Engrácia, à velhota Pestes e ao Enforcado. Estes dois últimos os muito mais
velhos lá na localidade. Arrastam-se. “A velhota Pestes…” (assim alcunhada por
ser má-língua e causar às vezes desaforos, anda curvada de modo impressionante,
quase de gatas) … já nem tem família. É a última da família, está quase com 100
anos”. Esclarece Isaías. “Qual 100 anos, se tiver 90 já é demais!” Contrapõe o
Enforcado. “Ela anda quasi a ter com a cabeça no chão por cauda do trabalho no
campo, pela monda e por essas e outras. Muito trabalhinho, para agora nada ter
a não ser fome e miséria.” Remata. E vai. Todos vão.
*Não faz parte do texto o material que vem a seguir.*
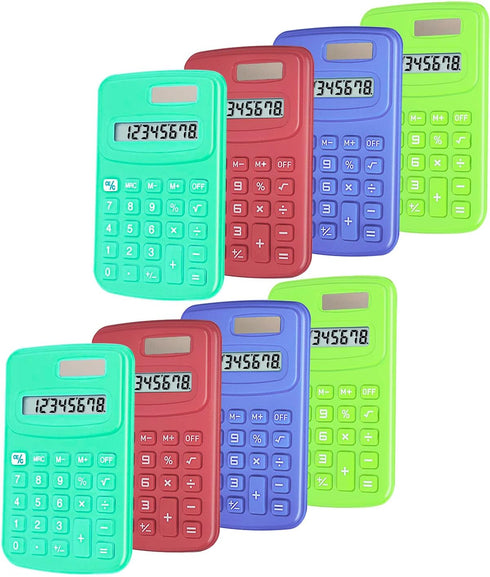 Basic Dual Power Calculator, 8 Digit Silicone Button Desktop Calculator (4 Colors, Set of 8)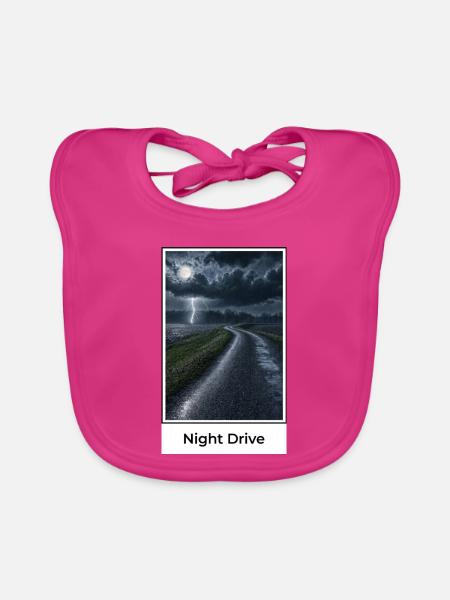 Nachtfahrt durch Gewitter - Baby Bio-Lätzchen - Fuchsia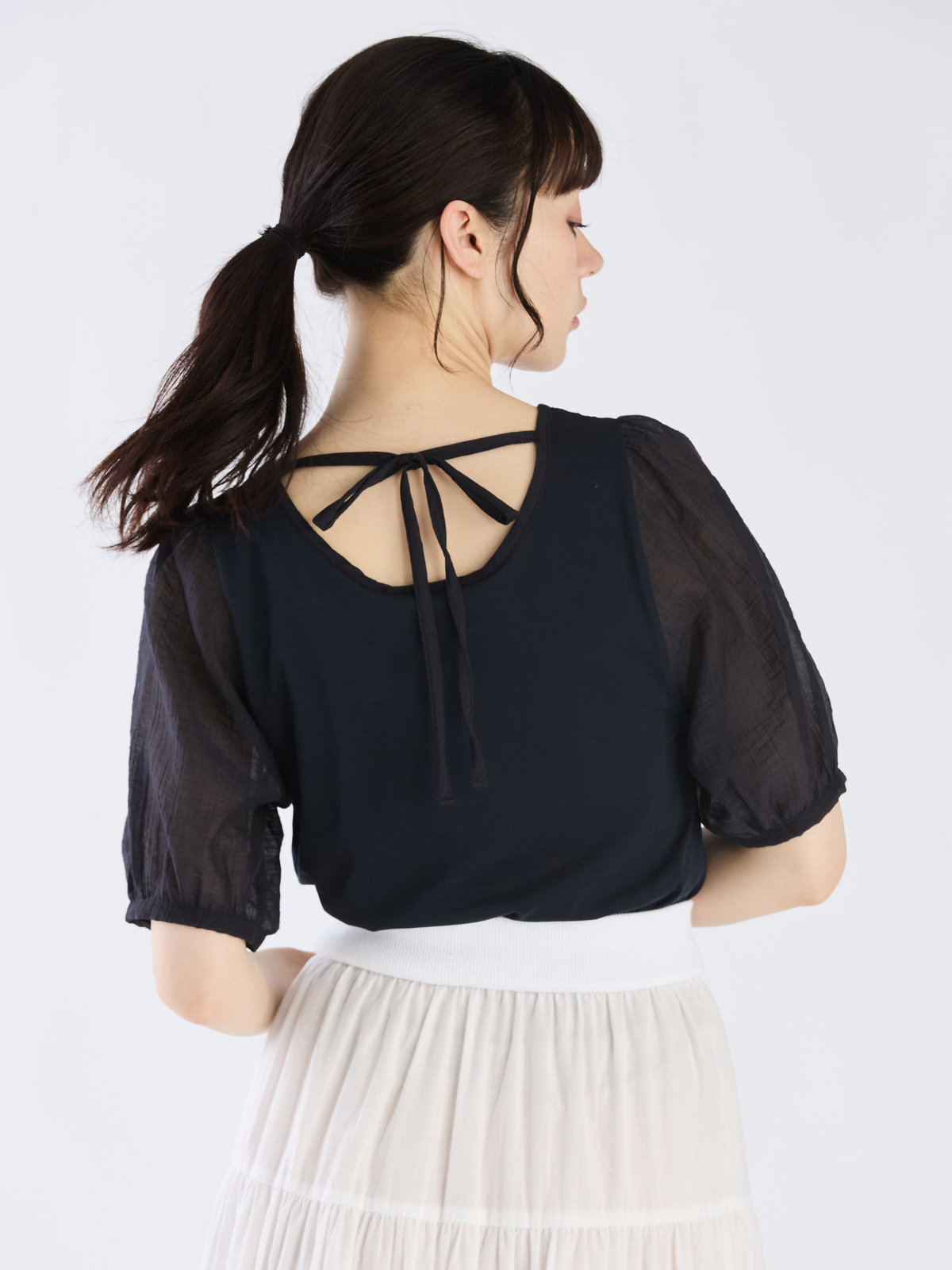 To b. by agnès b. 【Outlet】シアースリーブTシャツ ネイビー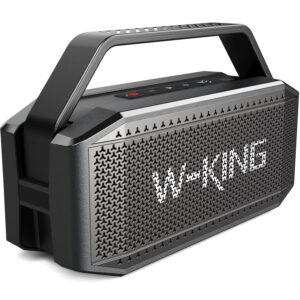 w-king portable loud bluetooth speakers with subwoofer, 60w(100w peak) outdoor speakers bluetooth wireless waterproof speaker, deep bass/v5.0/40h play/power bank/tf card/aux/eq, large for party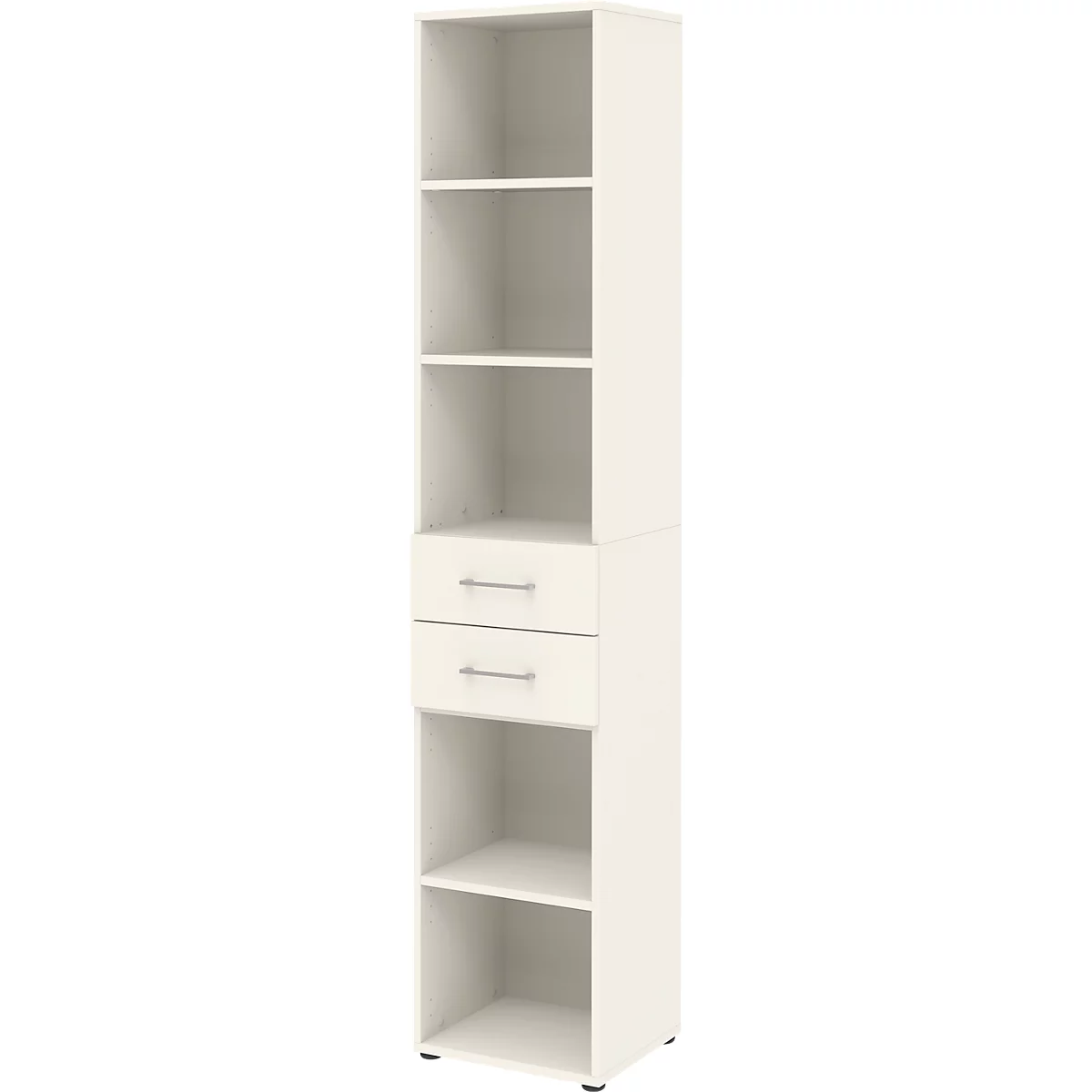 Etagère combinée de bureau TEMPIO, en bois, 2 tiroirs, 6 OH, L 400 x P 330 x H 2130 mm, blanc/blanc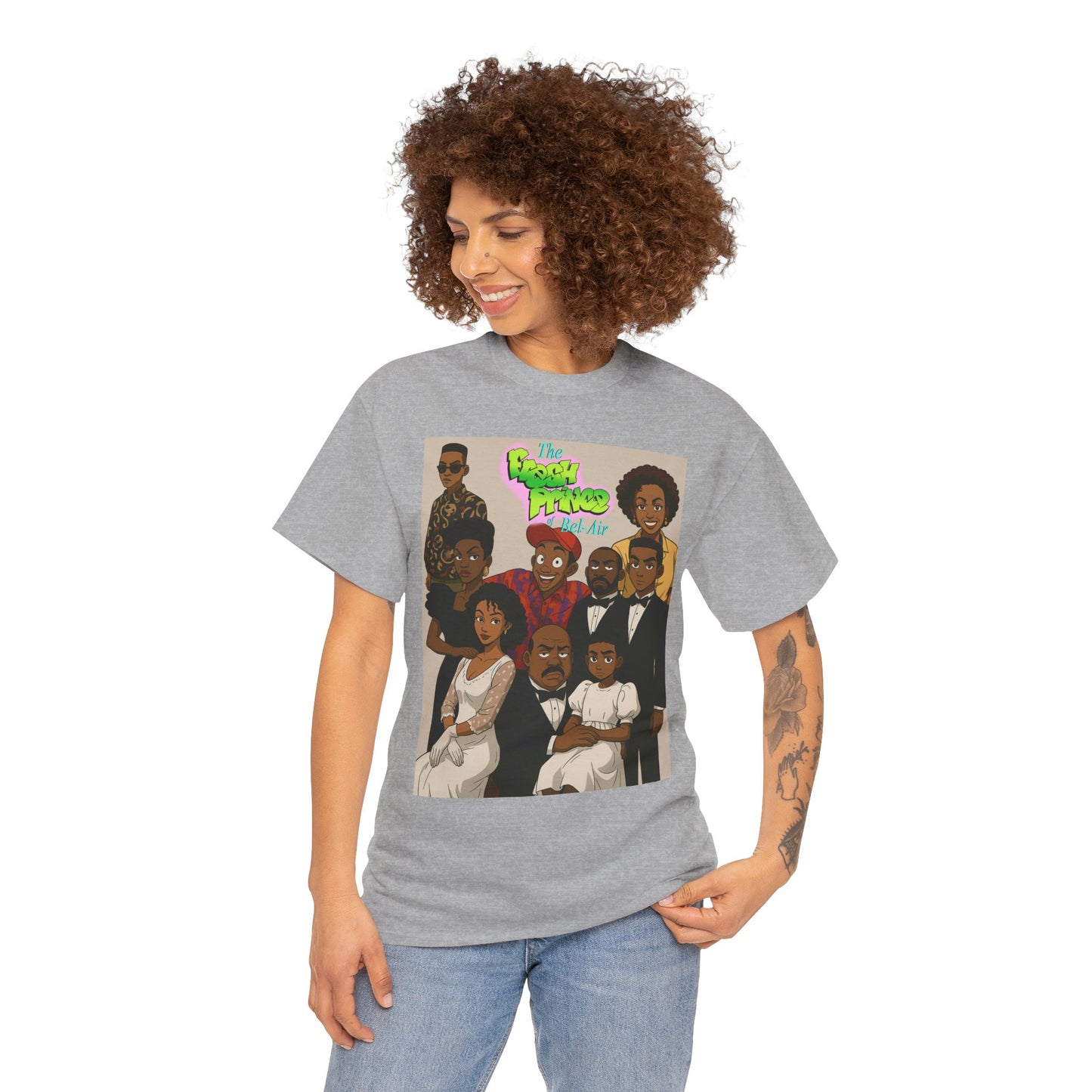 The Fresh Prince Unisex Heavy Cotton Tee - Nostalgic Cartoon Graphic Shirt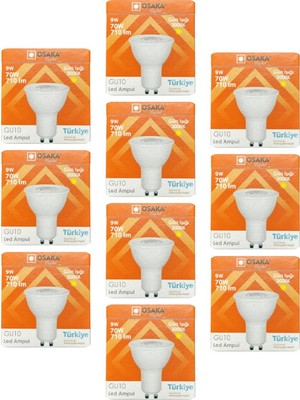 Avarson (10 Adet) Osaka 9W (70W) Sarı Işık (3000K) GU10 Duylu LED Çanak Ampul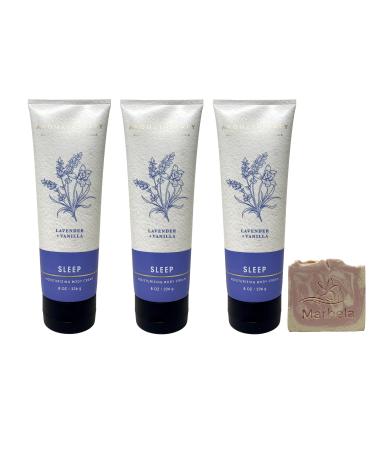 Bath & Body Works Aromatherapy Sleep Lavender Vanilla 3 Pack Moisturizing Body Cream Gift Set with a Himalayan Salts Springs Sample Soap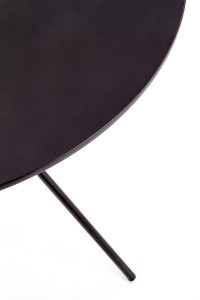 MASA LIVING FONDI, NEAGRA, 80 CM, BLAT DIN MDF LACUIT SI PICIOARE DIN METAL, STIL MODERN - Img 4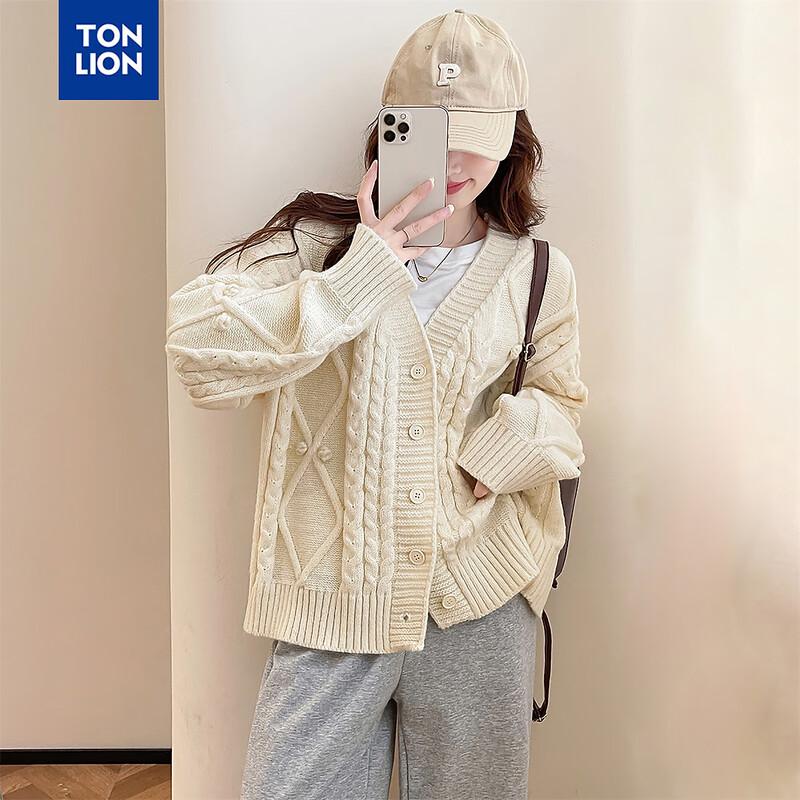 

TonLion Women s Retro Relaxed 3D Ball Cardigan L
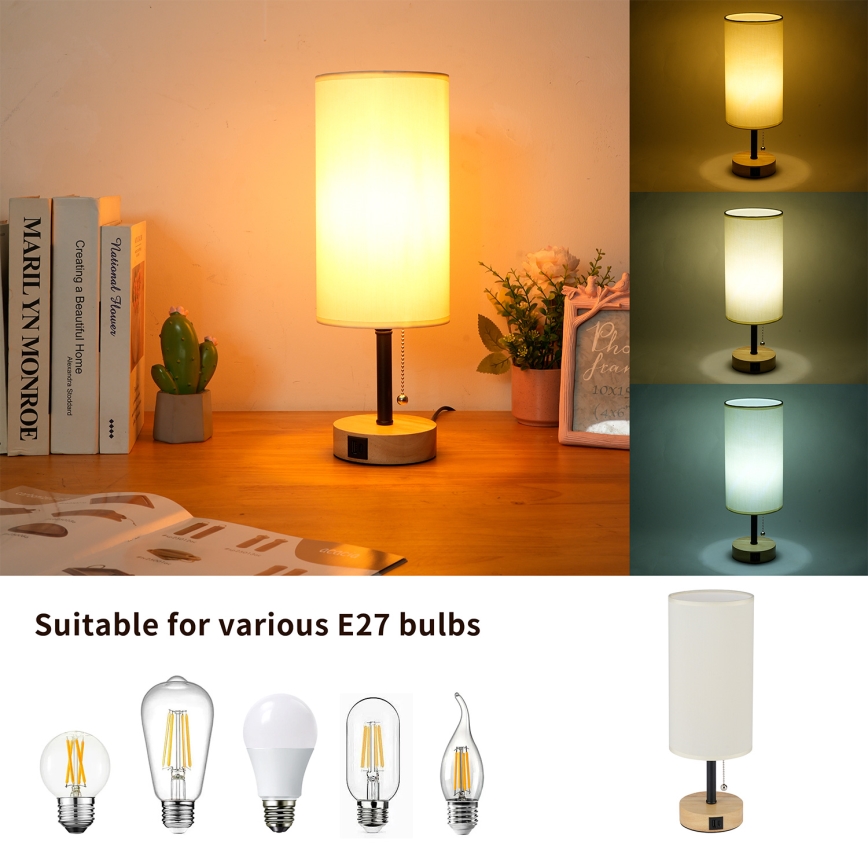 Brilagi - Stolová lampa s USB portom TABLON 1xE27/25W/230V dub/čierna/krémová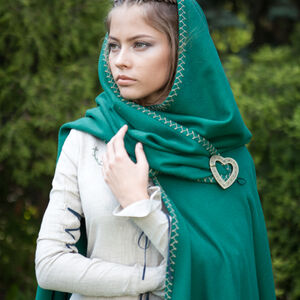 Green Wool Cape Cloak with Hood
Isaías fica a vê-los
enquanto pendura uns tachos de alumínio no expositor que construiu – tachos
unidos por uma corda de sisal e pendurados num prego alojado na parede.
“O Enforcado,
porque tem aquela alcunha?” pergunto-lhe. “Ah, não sabe? Tá bem de ver. Porque
se enforcou além numa oliveira, não longe daqui, nas Cumeirinhas.” Responde
Isaías, e completa. “Foi no tempo desse Cavaco Silva em primeiro-ministro, que
nos fez a vida negra. O homem entrou em desespero e tentou suicidar-se.
Salvou-o um filho que já morreu. Sim senhor.”
Finalmente os
tachos ficam no prego (expositor) nos modos que Isaías queria. Fê-lo com
esforço. Também já não está nada novo. Uns 70 anos com mais de 10 de imigração
em França. O que lhe deu algum dinheiro para “montar a venda – a loja mais
moderna em Monturjão”, como diz, vaidoso. Continua na fala: “Esse Cavaco Silva
também foi um bom malandro em primeiro-ministro. Agora ainda é mais sabido. Os
da raça dele enriqueceram todos. Fartou-se de roubar, o magano. E fez-nos
sofrer até mais não. Houve fome nesses tempos que até estalava. Muitos se
suicidaram por aqui nas redondezas. O Das Silvas, o Trambolho, o Cinco
Alqueires. O Janota, que veio de Lisboa para se pendurar numa oliveira que o
viu nascer. E houve mais. Um malandro, esse Cavaco. Dará contas a Deus?... E
agora é presidente da República. Imaginem só o desaforo. Por isso temos fome,
por isso há tanta miséria. Dali dele e dos da sua laia nunca vem coisa boa.
Prantam-se ali no poderio e zás! Escangalham tudo, roubam, desbaratam e levam
os desesperados a pendurarem-se nas cordas. É assim. Manda quem pode.” Acaba a
fala de Isaías, olhando com tristeza o vazio da paisagem disposta em frente,
com uma estrada em terra e terreno a perder de vista com oliveiras, sob um céu
cinzento chumbo. Muitas oliveiras para os Enforcados.
Monturjão, uma
paisagem qualquer de Portugal, no sul. Portugueses, na miséria. À babuja de
côdeas, quando há. E tantos cavacos a estragarem o miolo do pão, a substancia.
Há fome? Há miséria? Há suicídios? Pudera. Porque há cavacos.